Under this line is a listing; return exactly the lines starting at the one with "I want to talk" and running down to the one with "How to perform", and leave out its pictures.

• _Data extracts_
◆ ◆ ◆ ◆ ◆

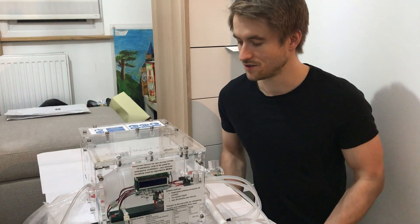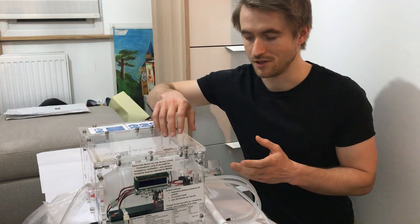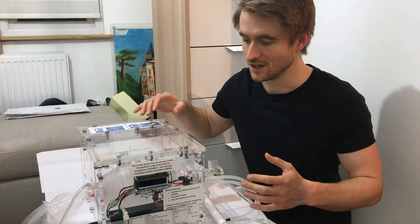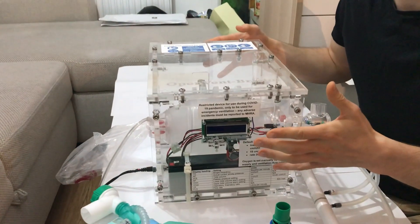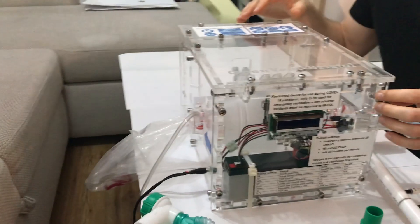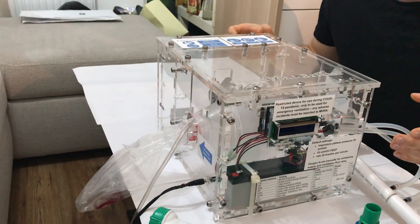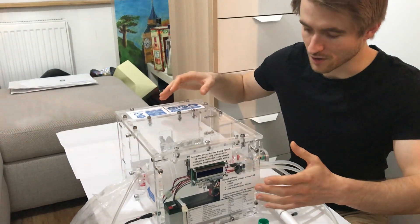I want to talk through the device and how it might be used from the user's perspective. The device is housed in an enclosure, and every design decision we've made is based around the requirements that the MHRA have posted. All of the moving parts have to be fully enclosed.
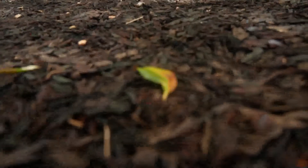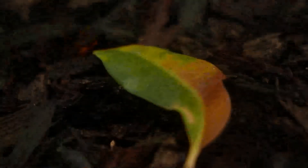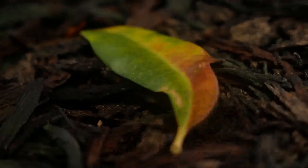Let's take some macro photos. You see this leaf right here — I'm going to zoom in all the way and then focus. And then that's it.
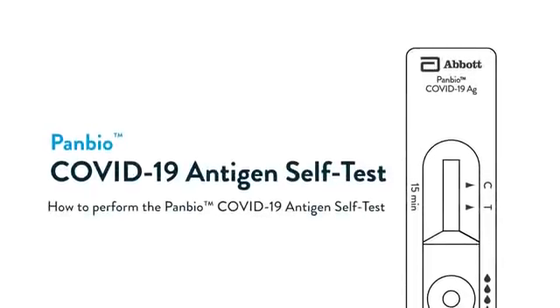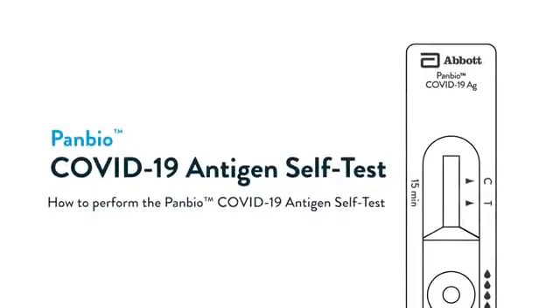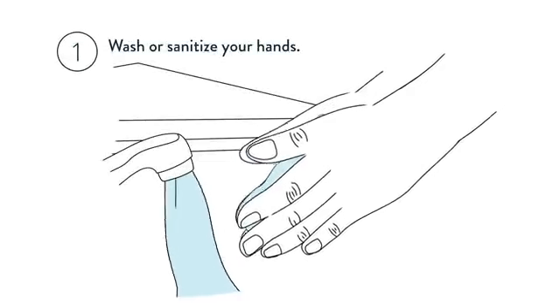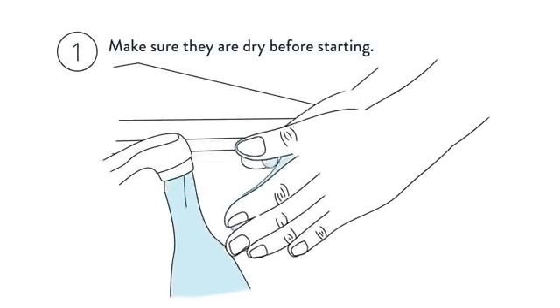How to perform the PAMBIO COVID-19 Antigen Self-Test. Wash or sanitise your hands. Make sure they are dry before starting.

◆ ◆ ◆ ◆ ◆

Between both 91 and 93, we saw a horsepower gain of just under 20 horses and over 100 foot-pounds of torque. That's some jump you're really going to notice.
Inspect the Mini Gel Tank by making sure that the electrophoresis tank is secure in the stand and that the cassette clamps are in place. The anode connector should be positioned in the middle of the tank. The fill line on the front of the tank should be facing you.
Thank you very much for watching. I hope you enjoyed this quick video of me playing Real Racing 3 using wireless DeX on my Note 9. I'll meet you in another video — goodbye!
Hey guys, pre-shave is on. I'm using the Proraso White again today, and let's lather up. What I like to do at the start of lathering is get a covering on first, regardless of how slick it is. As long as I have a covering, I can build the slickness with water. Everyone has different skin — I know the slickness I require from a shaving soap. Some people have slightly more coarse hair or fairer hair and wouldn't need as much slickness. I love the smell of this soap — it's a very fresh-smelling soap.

◆ ◆ ◆ ◆ ◆

• _Answer section_
I want to talk through the device and how it might be used from the user's perspective. The device is housed in an enclosure, and every design decision we've made is based around the requirements that the MHRA have posted. All of the moving parts have to be fully enclosed.
Let's take some macro photos. You see this leaf right here — I'm going to zoom in all the way and then focus. And then that's it.
How to perform the PAMBIO COVID-19 Antigen Self-Test. Wash or sanitise your hands. Make sure they are dry before starting.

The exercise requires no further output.